Rubins just conducted a spacewalk alongside fellow NASA astronaut Victor Glover Jr. on Sunday. Prior to that, her previous two spacewalks occurred during her first rotation on the space station in 2016.

Noguchi has had to wait a little longer to add a fourth spacewalk to his career. He previously conducted three spacewalks during his shuttle flight in 2005 to help with repairs to the space station.

Rubins is crew member 1 in the red-striped suit and Noguchi is crew member 2 in the stripeless suit. The new high-definition helmet camera on Rubin’s suit provides crystal clear views of the astronaut’s perspective as she works outside of the space station.

Rubins and Glover began preparation for upcoming solar array upgrades by assembling and installing modification kits on Sunday. While the station’s current solar arrays are still functioning well, they are degrading.

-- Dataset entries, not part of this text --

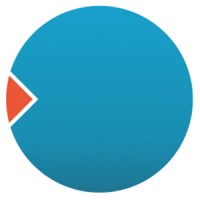 Meinschulprojekt Gmbh
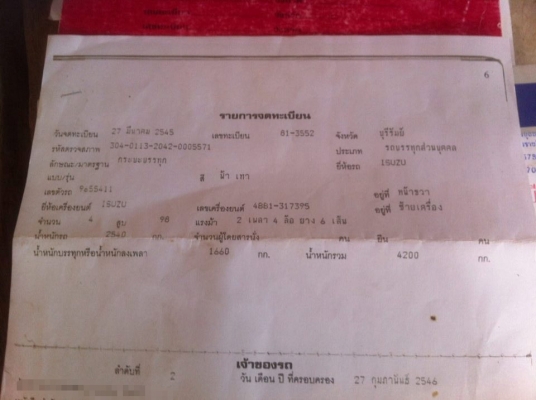 ***ขายแล้วครับขอบคุณ Truck2hand ขาย ISUZU TL-100HP 6ล้อกลางบรรทุก ราคาเบาๆ ISUZU TL 4BB1-100HP ฝาขาว เกียร์ยาว วางหัวNKR(ลงเล่ม) เครื่องเดิม เกียร์เดิม เครื่องฝาขาว ยอดอึด เครื่องดี แรงดี สตาร์ทง่าย อึด ทน ไม่จุกจิก เกียร์ดี เข้าง่าย ไม่หลุดครับ ช่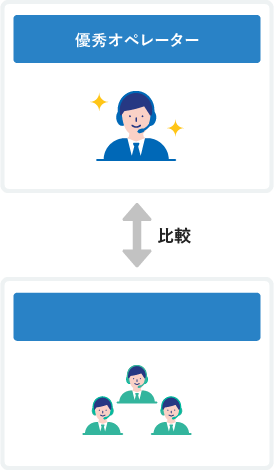 優秀オペレーターと一般オペレーターを比較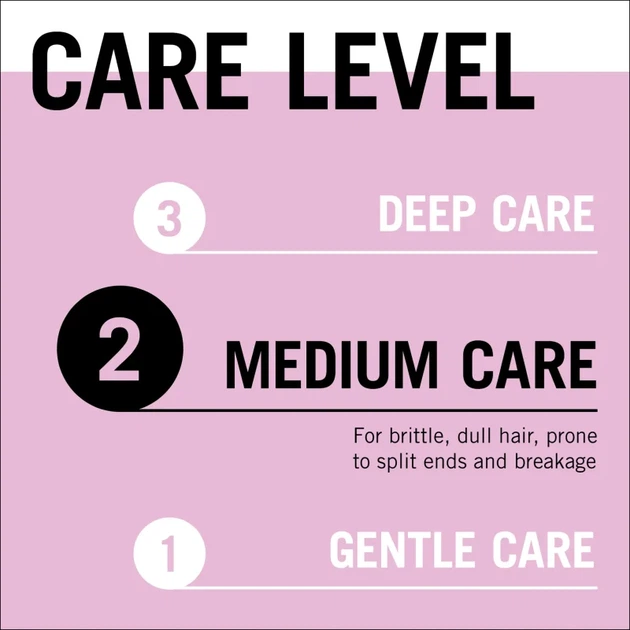 Maska do włosów Gliss Kur Shine 4 in 1 wzmacniająca 400 ml (9000101726336) - obraz 6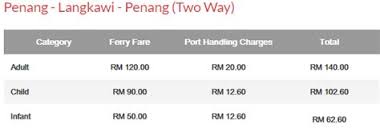 Check spelling or type a new query. Harga Feri Ke Langkawi Kali Pertama Ke Langkawi Baca Ini Dahulu Jika Feri Menjadi Pilihan Di Bawah Adalah Rujukan Harga Tiket Feri Ke Langkawi Wesgakuatnyonggo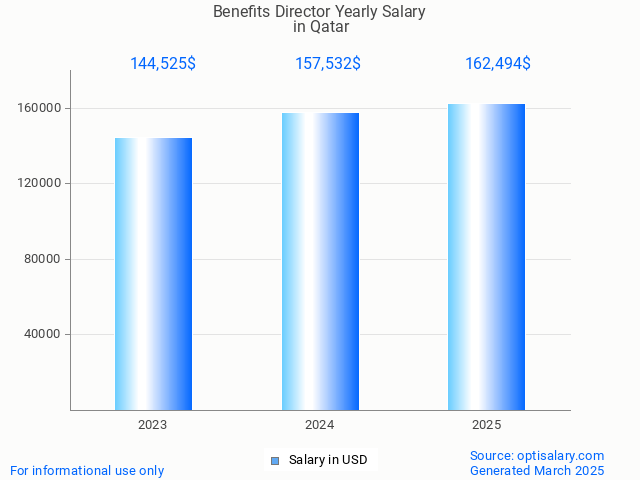benefits director salary in qatar 2025 benefits director salary in qatar 2025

This degradation is expected because they only have about a 15-year life and were installed in December 2000 — so they’ve outlasted the warranty, so to speak.

Brand-new solar arrays will be placed in front of six of the arrays currently on the station later this year, boosting the station’s power from 160 kilowatts to 215 kilowatts, according to NASA. The solar arrays will begin launching to the space station on a SpaceX vehicle in June.

Rubins and Noguchi will finish installing solar array modification kits Friday before moving on to some other tasks, including venting ammonia used in the space station’s thermal control system to minimize risk of release in the ISS atmosphere.

This is the 236th spacewalk in the history of the station.